We’re letting perfect be the enemy of the good.

First, Americans worked too much. Then, we began craving work-life balance. Now, one expert says, we’re trying to hard to have it all, we’re nearly as stressed as we were to begin with.

Jeff Karp is a professor in the field of biomedical engineering at Harvard and MIT — he’s written a book called LIT, which is an acronym for Life Ignition Tools.

He’s calling for a whole new approach to walking the fine line between being too committed to career — and not being focused enough.

“It ends up being very frustrating and can lead to anxiety, because we’re constantly feeling like we’re not in balance. There’s a state we should be in [and] we’re never in that state,” Karp told CNBC Make It.

Instead, he advocates for something he calls the “pendulum lifestyle,” something he began to think about after noticing how difficult it could be to find balance in his own life.

“I realized that if we start to look at everything in life, like our energy levels, our motivation, our hunger, our sleep…like everything is on a pendulum, and you start to step back and visualize that, I think it can be incredibly empowering,” he told the outlet.
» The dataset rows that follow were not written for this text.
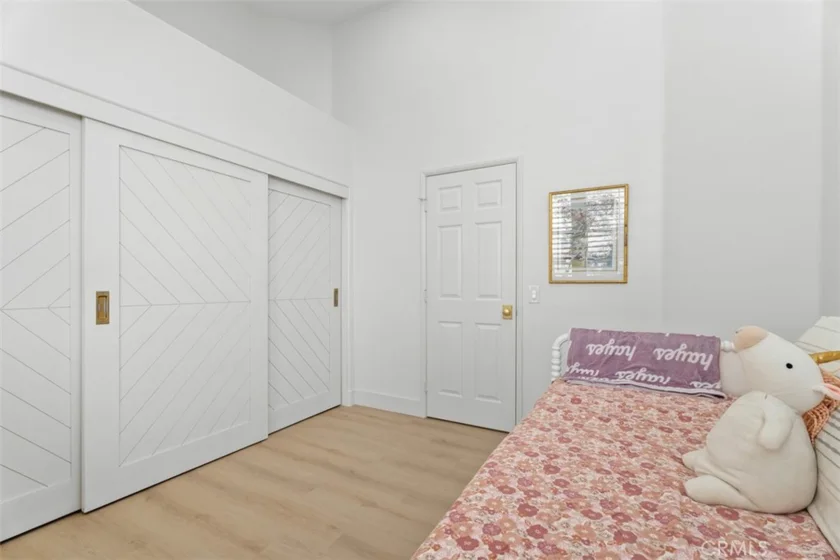 28096 Paseo Hacienda photo 17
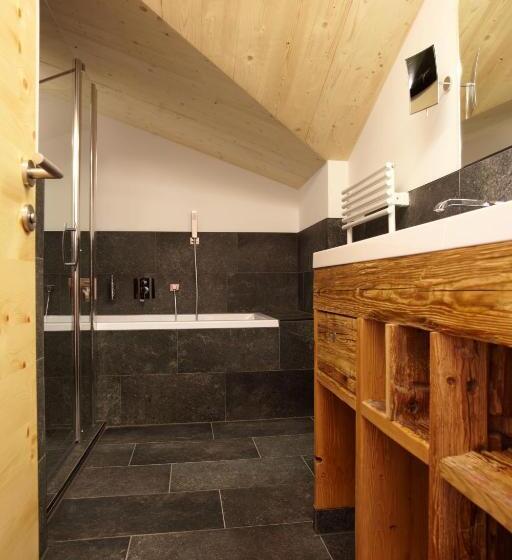 수피리어 룸, Am Römerweg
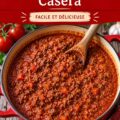 Salsa boloñesa maison servie dans une assiette avec des pâtes
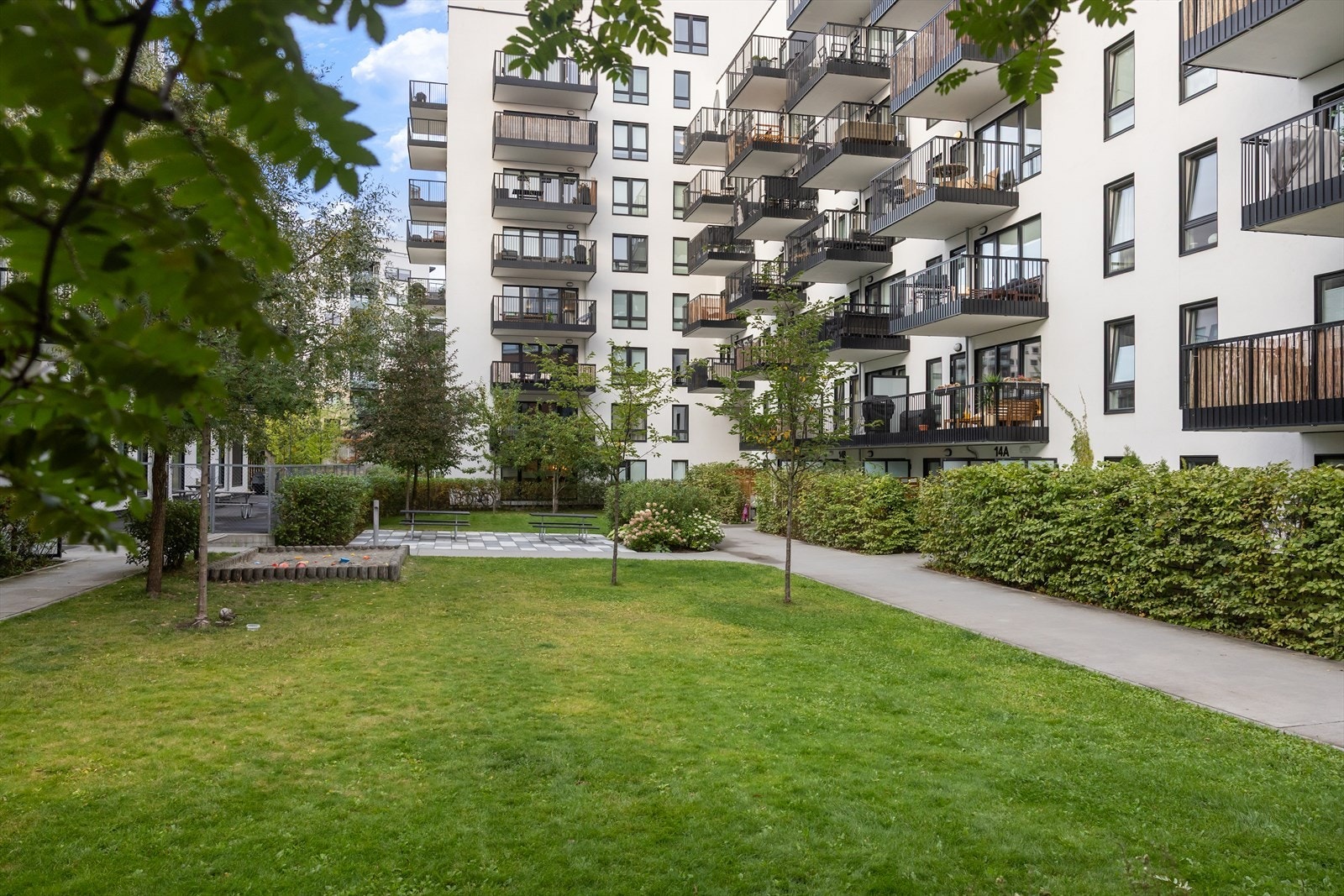 Det er hyggelige grøntområder tilknyttet borettslaget. Galleribilde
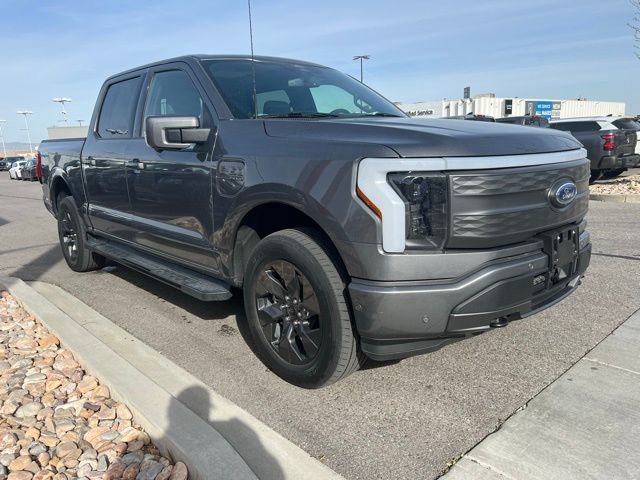Used 2022 Ford F150 Lightning Lariat w/ Equipment Group 511A High image 3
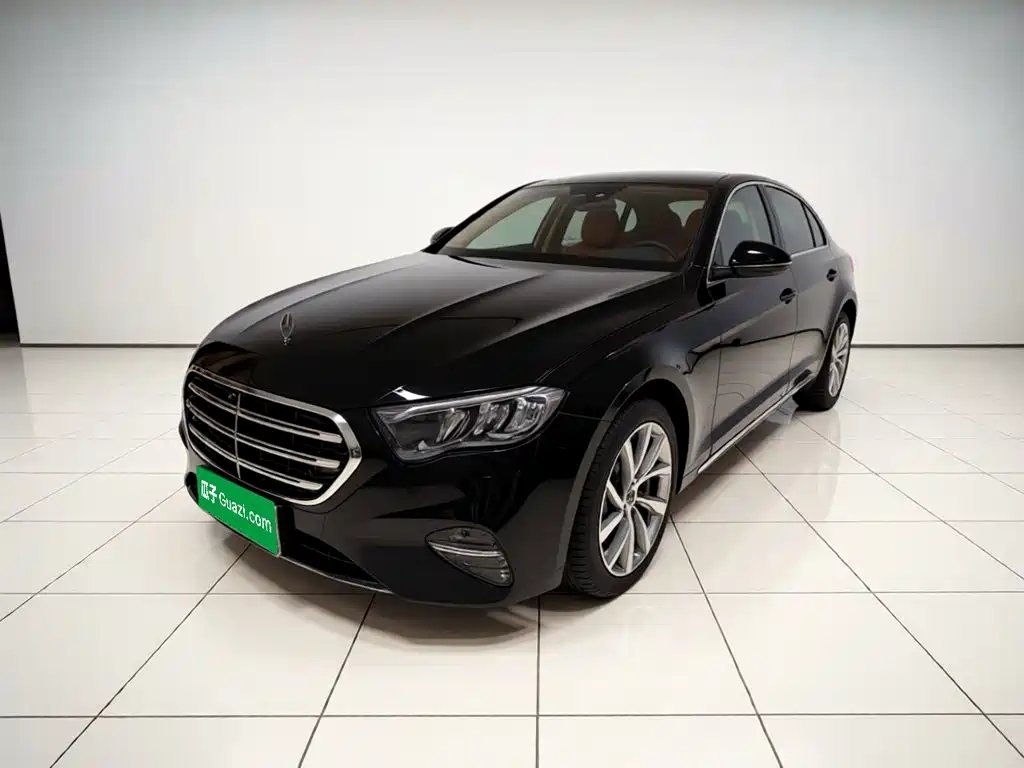Mercedes-Benz E-Class 2024 — фото 1 из 5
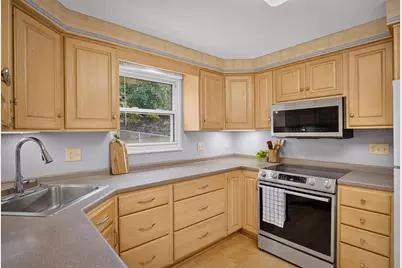 1638 Hawthorne St, Pittsburgh, PA 15201 - Photo 9
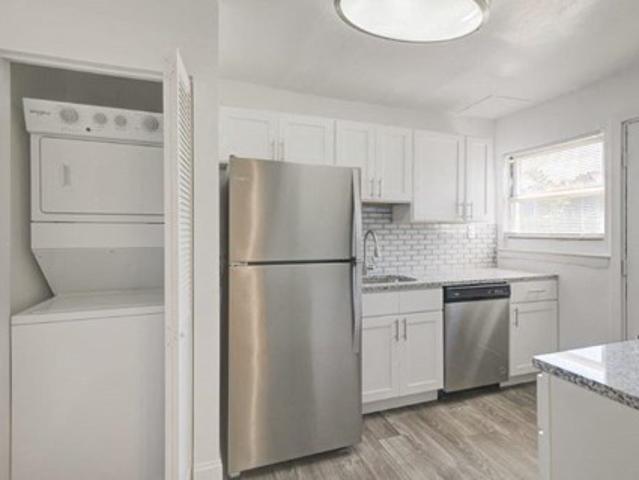 Townhouse for rent in Elmwood Park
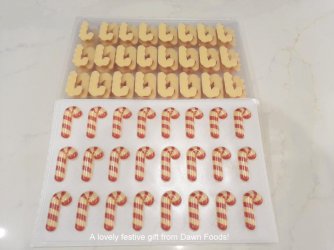 Help Me Bake Dobla Candy Canes from Dawn Foods (Medium) 2.jpg Help Me Bake Dobla Candy Canes from Dawn Foods (Medium) 2.jpg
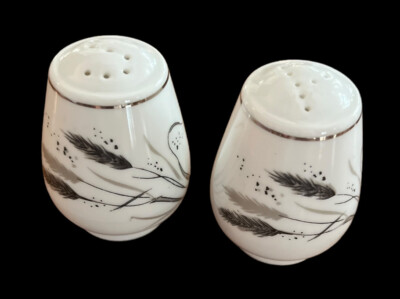 Easterling Porcelain Salt & Pepper Shakers: Ceres Pattern￼ With Platinum Accents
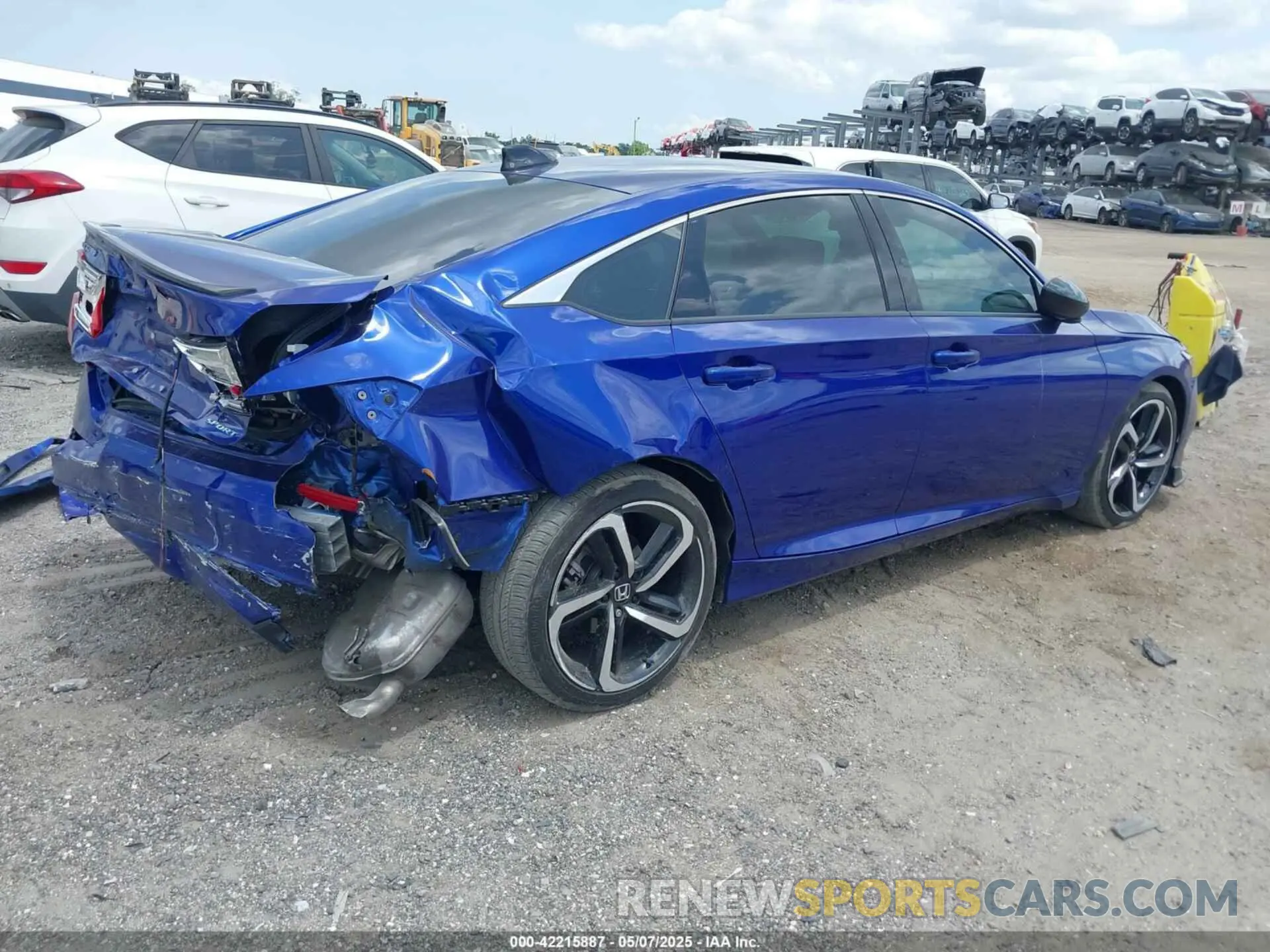 4 Photograph of a damaged car 1HGCV1F33NA083674 HONDA ACCORD 2022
Embrace the ebb and flow, Karp encourages.

“Like the pendulum, [there are] these natural rhythms in life,” he points out.

The expert recommends a number of practical ways to practice the pendulum lifestyle — starting with finding more patience with yourself and the process, and being less goal oriented, taking one step at a time.

The advice comes as younger employees are becoming notoriously fixated on the concept of working to live versus living to work, setting them apart from the older generations.

Gen Z employees, for example, see sick days as a necessary way to recover from stress or burnout, Dr. Kyle Elliott, a California-based career coach, previously told Fox News.

And a whopping 62% of Gen Z respondents to a Dayforce survey said they’d accept a lower salary in exchange for — you guessed it — better work-life balance, the outlet reported.